Anelloviruses are known to have significant genetic diversity. The reasons for this are not fully understood and could result from a high mutation rate (although this is not typical of DNA viruses), to reflect millions of years of evolution from a common ancestor in a manner similar to what has been suggested for papillomaviruses [25], or may also be due to recombination events which seem to be the key driver of annellovirus evolution. With a total of 149 TTV genotypes detected, as well as 13 potential additional species, our study suggests that it is likely that much more remain to be discovered.

This study has some limitations. We complied with the TTV classification criteria used by the ICTV, (i.e., analysis of ORF1 with a 69% sequence identity threshold). Therefore, we cannot exclude missing some recombination events. The results reported here were obtained from a cohort of febrile children and need to be reproduced in a cohort of asymptomatic children in order to draw definitive conclusions. Finally, sera were not spiked individually with a standardized internal positive control. Indeed, in the initial study, “no-template” and positive controls were included in each sequencing run to assess the presence of potential mNGS contaminants and the entire process efficiency, respectively. As a result, a normalization of the number of reads obtained for each TTV genotype detected per sample was not considered. Finally, we cannot rule out that given the high number of co-detected TTV genotypes per sample or the presence of other DNA viruses recognized or not of clinical significance which could compete for sequencing that some TTV genotypes with low viral load were not detected in some samples.

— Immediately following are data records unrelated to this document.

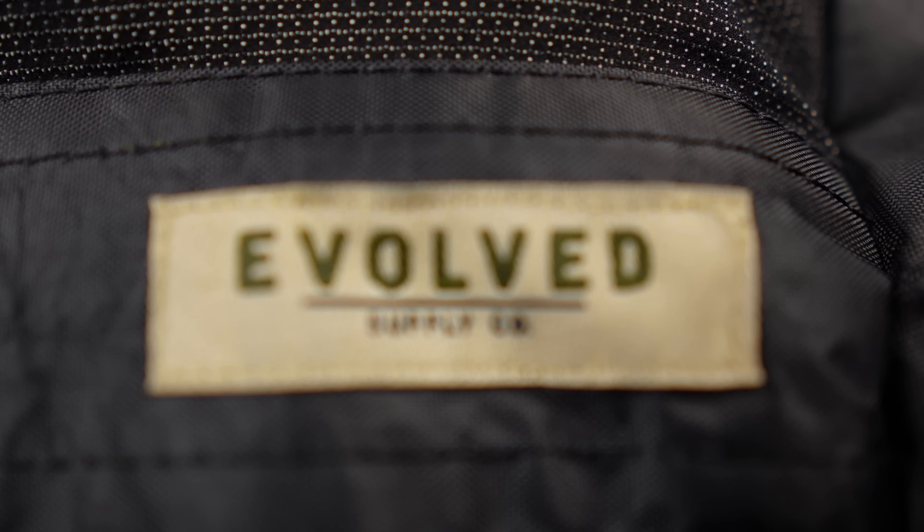Hey everybody, what's going on? I'm Frozen with Outdoor Adventures, and thank you so much for joining me. Taking a first look at a brand new pack from a brand new company too — this is the Evolved Supply Company's The Ranger.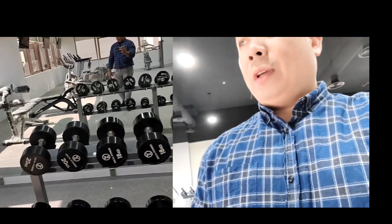This is the Smith machine. We also have dumbbells for the ladies, starting from 2 kilos to 20 kilos.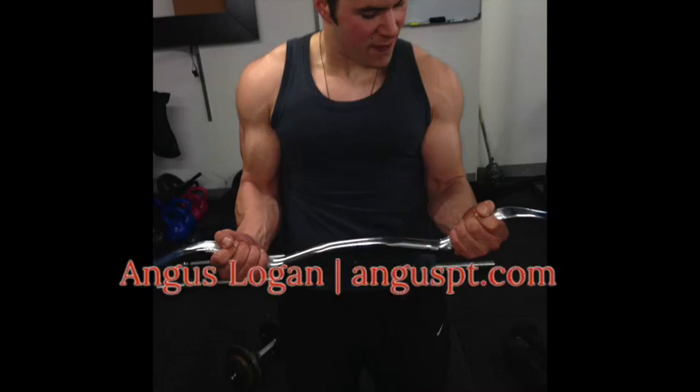I've secured a discount code for you guys - just check out the description box. Hey guys, welcome to the video and welcome to the channel. Angus from anguspt.com, Scotland's number one fitness tech reviewer.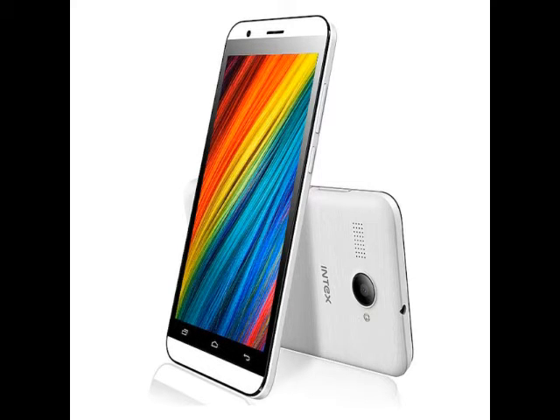Earlier this week, Intex had unveiled the Aqua Play, priced at ₹3,249. The smartphone was also listed on the company website with pricing details, and is listed in black, blue, and white color variants.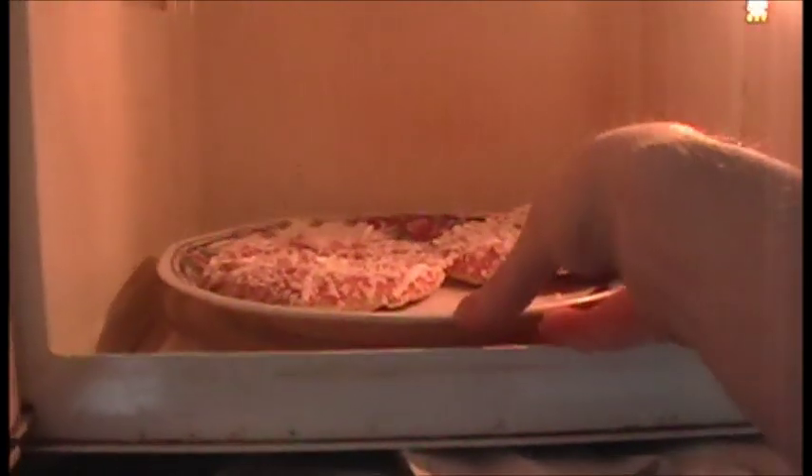Once it's done, there you go — now you've got two instead of a big snowman-shaped one. Open up the microwave. That should be enough, and then just wait a little bit.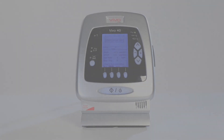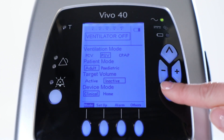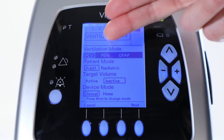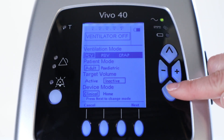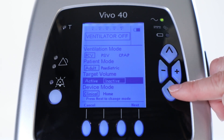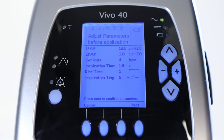Let's start by going to the mode section of the Vivo40 and select pressure controlled as the ventilation mode. As you see, PCV is selected. Then leave the adult patient mode and inactivate the target volume. Stay in clinical mode. Press next to change the mode and set the parameters.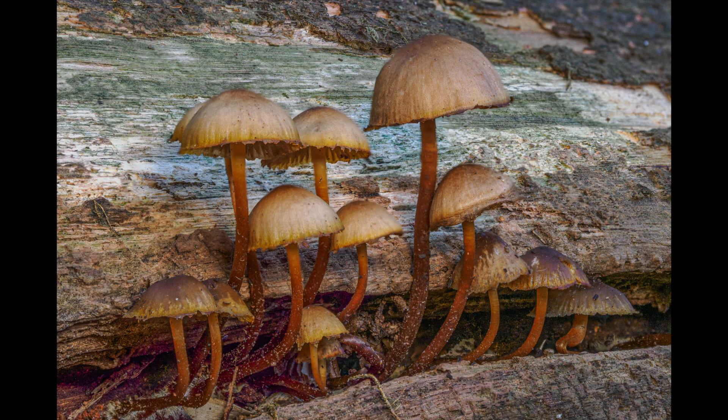This is a group of fungi — the biggest one is probably 100 millimeters. For this little grouping, what we've done is a bracketed shot, and we've processed it in Helicon Focus and also in Lightroom. I've illuminated these with a small handheld LED light, which adds light into the subject.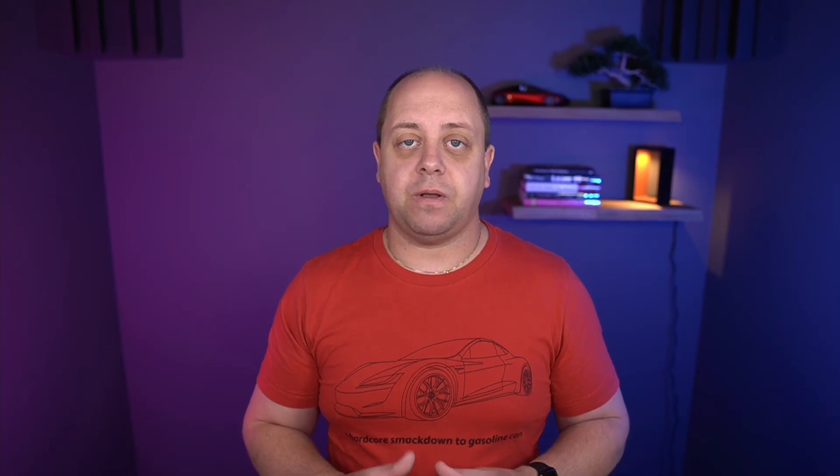The Tesla motor is also what they call an IPM SynRM — an internal permanent magnet synchronous reluctance motor. There are two things at play: first, the magnets on the rotor come into play at low speeds, where permanent magnet motors have the highest torque available. But the problem is that as they start turning at higher speeds, they create a back EMF in the stator, generating currents and heat losses, making the motor less efficient at higher speeds.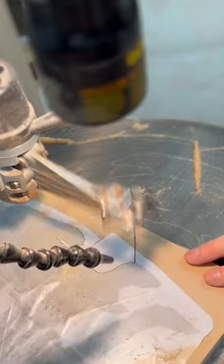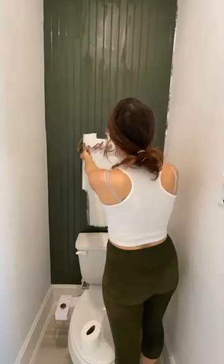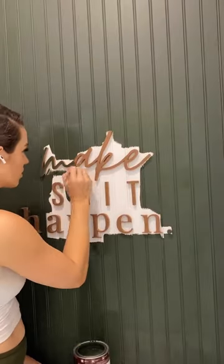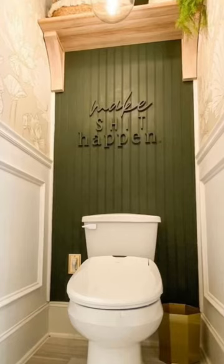I cut it out with my scroll saw, but you could also use a jigsaw. Next, I painted the wall green, glued on the letters, and painted them with a teeny tiny brush to get into all the cracks. And this is the finished look.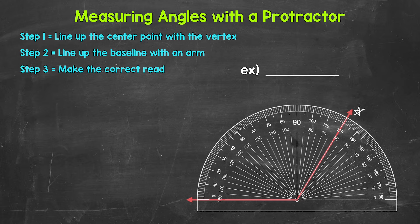Looking at this arm, it goes through 60 degrees and 120 degrees. So which is it? Well, there are two ways to determine this. First, we can see that this is an obtuse angle — it's greater than 90 degrees — so this has to be 120 degrees; 60 degrees doesn't make sense for an obtuse angle. Or, second, looking at our baseline, we see zero degrees on the outside track, so we use the outside numbers. 120 degrees is the outside number here, and that is the measurement we use. This angle is 120 degrees.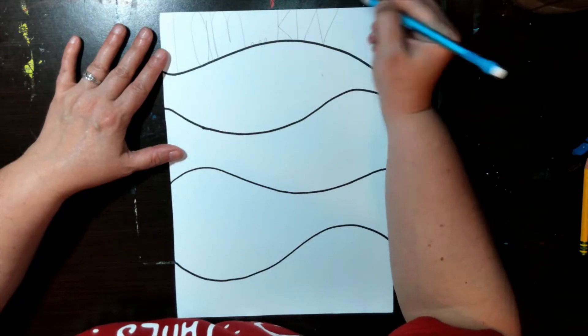Now, time to trace with permanent marker. To add variety and interest to your letters, try making some lines thick and some lines thin. If you don't have a permanent marker, try using a black crayon or color pencil.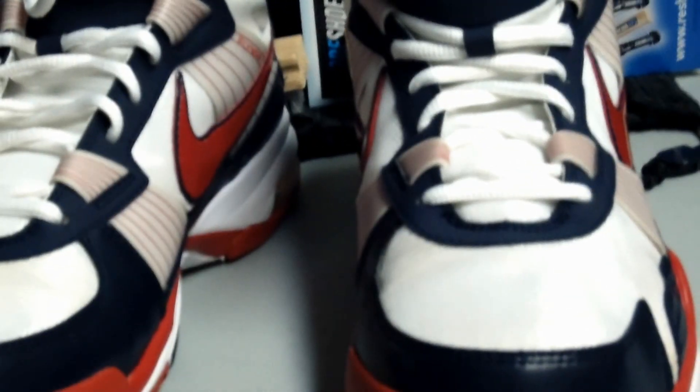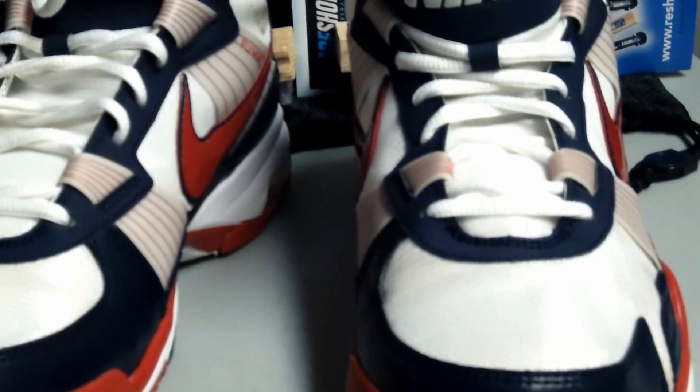I'm not paid by them to say this product works — I'm just a consumer that's really happy with the product I purchased. I'd highly recommend it to all the sneakerheads out there who want to keep their kicks clean. That concludes the video — have a good day, guys.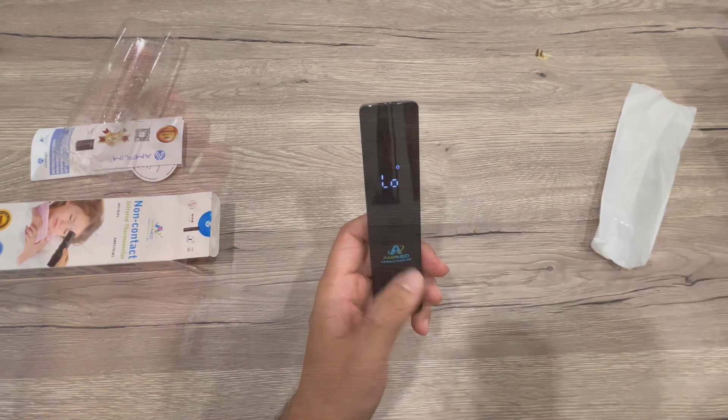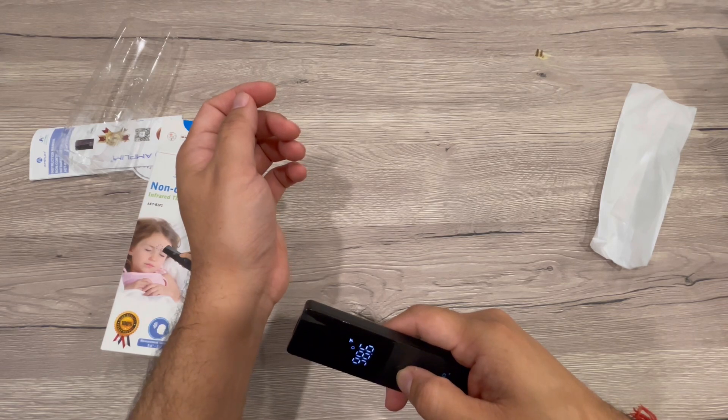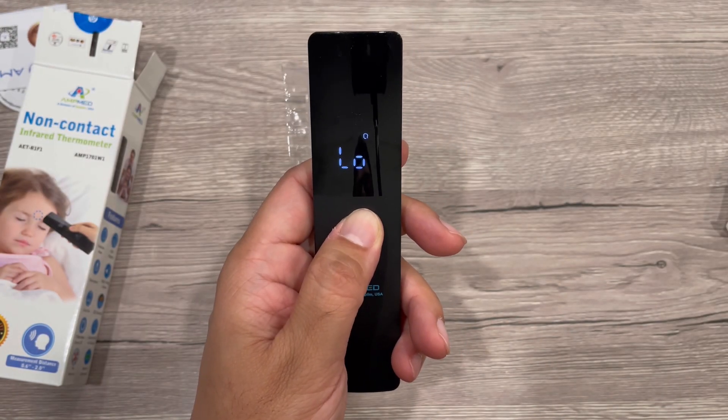This is the on and off button, as you can see. You keep it a little bit away from the surface you want to measure, and it will read. You put it on your forehead and it reads the temperature — very nice, handy, and looks really good.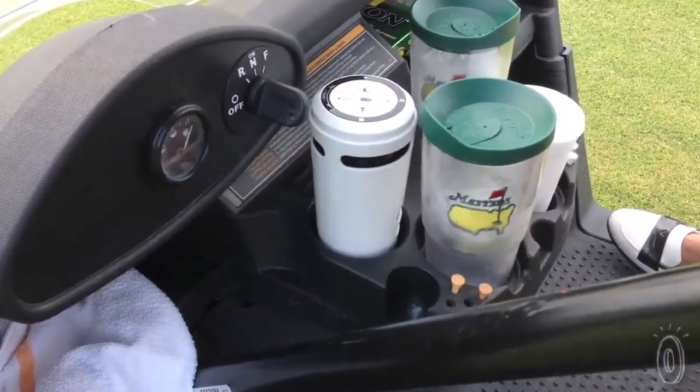Travel mugs are ubiquitous, and so are their cup holders. But what if that form could have something techy, something unexpected, something ingenious?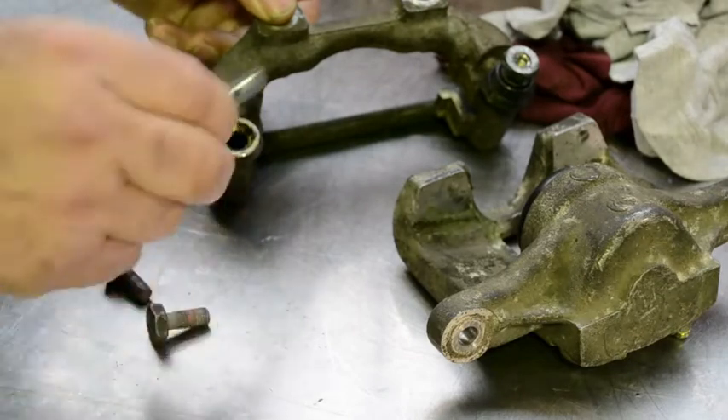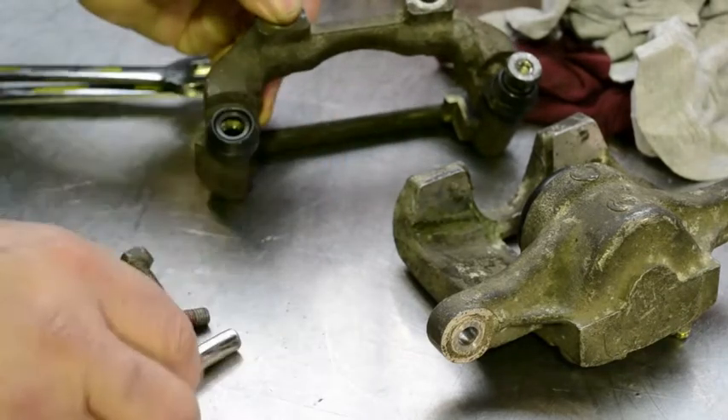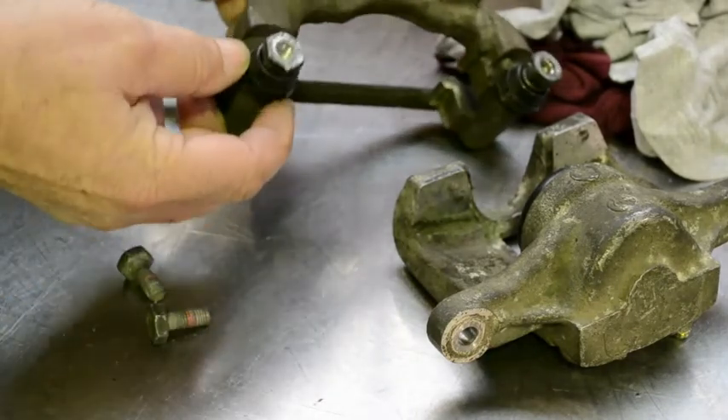You can then repack with grease and reassemble. You have now completed the second step in disassembling a rear brake caliper.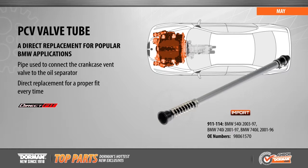Used to connect the crankcase vent valve to the oil separator, our PCV valve tube is a direct replacement, ensuring a proper fit every time.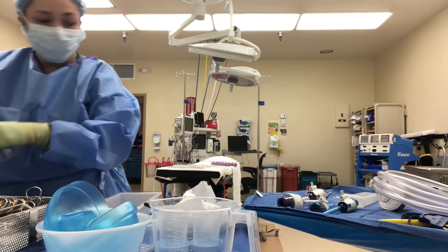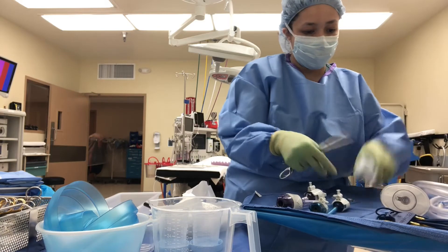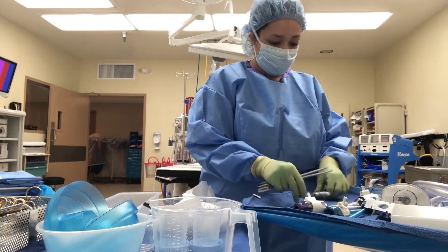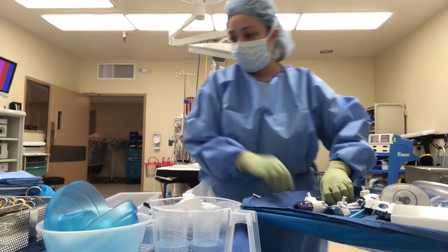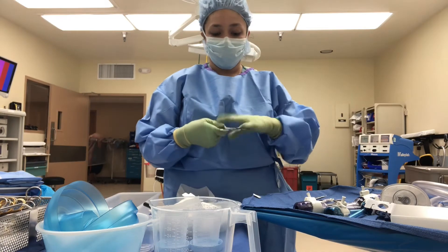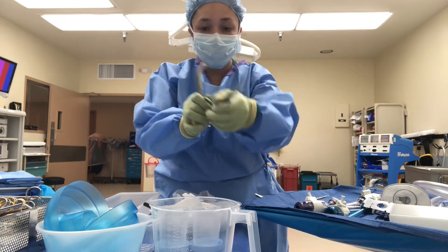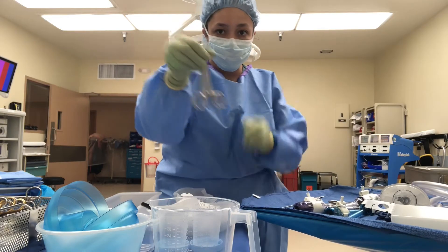Now I'm going to be setting up my Mayo stand with the instruments I'm going to be using. I first put up some Kochers and some penetrating towel clips, which are used to bring the fascia up and insert the Veress needle, making sure the Veress needle is in the proper position and you're getting gas into the proper area of the abdomen — not just through the skin, but into the actual cavity.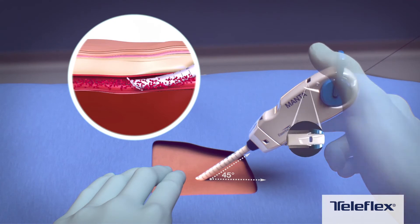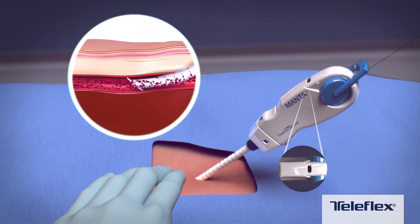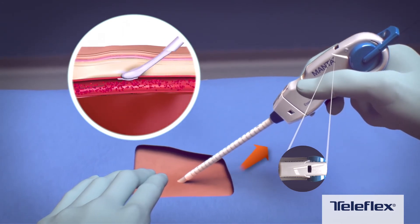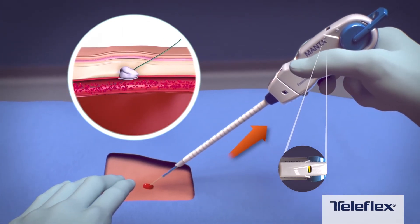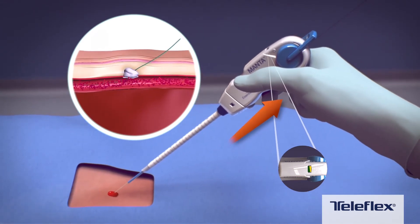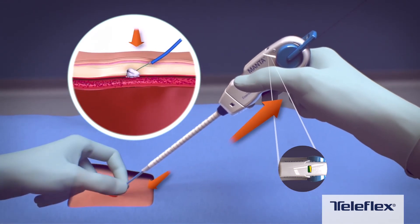Maintaining the device at 45 degrees, rotate the deployment lever to release the anchor and begin to withdraw the Manta device from the artery. Steadily withdraw the device from the artery until tension is felt and the handle indicator window shows yellow-green.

Our study observes an increase in TTV genetic diversity with age in a cohort of febrile Tanzanian children under 5 years. Our study raises new questions, such as whether this trend continues during the rest of childhood and how long the diversity is maintained. It would be interesting to assess if there is a preferential selection of certain genotypes within an individual, and if so when and by which mechanism? As sera were collected in a cross-sectional manner (at the time of the paediatric emergency room visit), longitudinal analysis of TTV diversity within individuals was not possible.

5. Conclusions

In conclusion, our investigations highlights the need for further large-scale longitudinal investigations of TTV genetic diversity in symptomatic and asymptomatic children from various parts of the world.